The letter reacts to draft policies for carrying out the VA Home Loan Program Reform Act, which authorized a brand-new partial claim choice for distressed borrowers with VA-guaranteed loans.

Under the proposition, qualified borrowers a minimum of 3 months overdue could access the program once their servicer sends a partial claim trial payment for VA review.

Customers need to also have made at least 12 payments considering that loan origination and at least 6 since any adjustment. Eligibility would be retroactive to Might 1, 2025, when the VA Maintenance Purchase (VASP) program ended.

Under the draft guidelines, the partial claim alternative would look like the seventh step in the VA’s loss-mitigation waterfall, with a 40-year loan adjustment remaining as the last home retention option. Servicers would not be permitted to charge interest on the partial claim balance.

MBA said the VA’s proposed structure could result in veterans having “substantially worse” loss-mitigation alternatives than debtors with loans backed by Fannie Mae, Freddie Mac or the Federal Real Estate Administration (FHA).

The group recommended reorganizing the waterfall so that loan modifications that increase a borrower’s monthly payment are used just as a last resort. MBA also recommended changing the proposed “unique forbearance” with a basic forbearance program, which would let borrowers stop briefly payments for one to 3 months at a time, up to 12 months of delinquency per default.

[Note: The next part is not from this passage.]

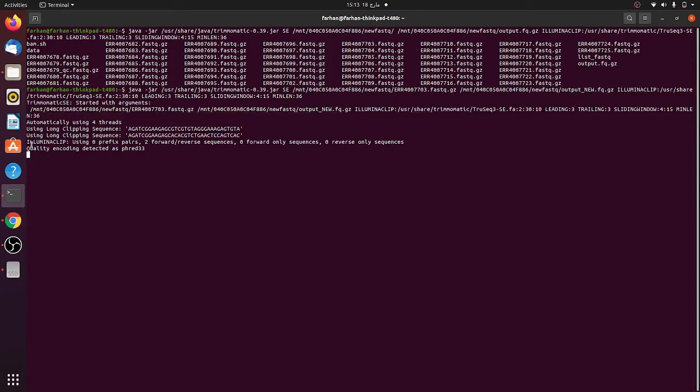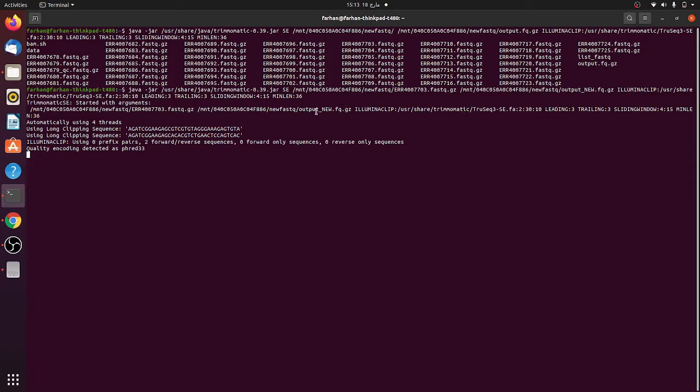After checking the file it will save it into this output new FASTQ file. These are all the information that is available, and the quality encoding detected as PHRED33. Now the command is running and it is actually generating a new output with the name output_new.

The association recommended restricting borrowers to one irreversible home retention choice within 24 months, cautioning that duplicated use of loss-mitigation programs can deteriorate home equity and boost VA guaranty fund losses.

The group raised issues about interactions with pandemic-era relief, saying veterans who got COVID-related help must still be qualified for the partial claim program.

Finally, the MBA’s letter called for clearer assistance on servicers’ duties and longer application timelines for servicers to change systems. The association suggested that the VA provide a minimum of 180 days before requiring loan providers to abide by the new rules.

In a letter sent Thursday to Zondervan, the Community Home Lenders of America (CHLA) suggested removing the provision to enable month-to-month principal and interest to rise up to 15% under a 30-year loan modification.

CHLA prompted the VA not to include waterfall provisions that increase regular monthly expenses for VA households. Like the MBA, it likewise suggested at least 180 days of preparation before the policy works.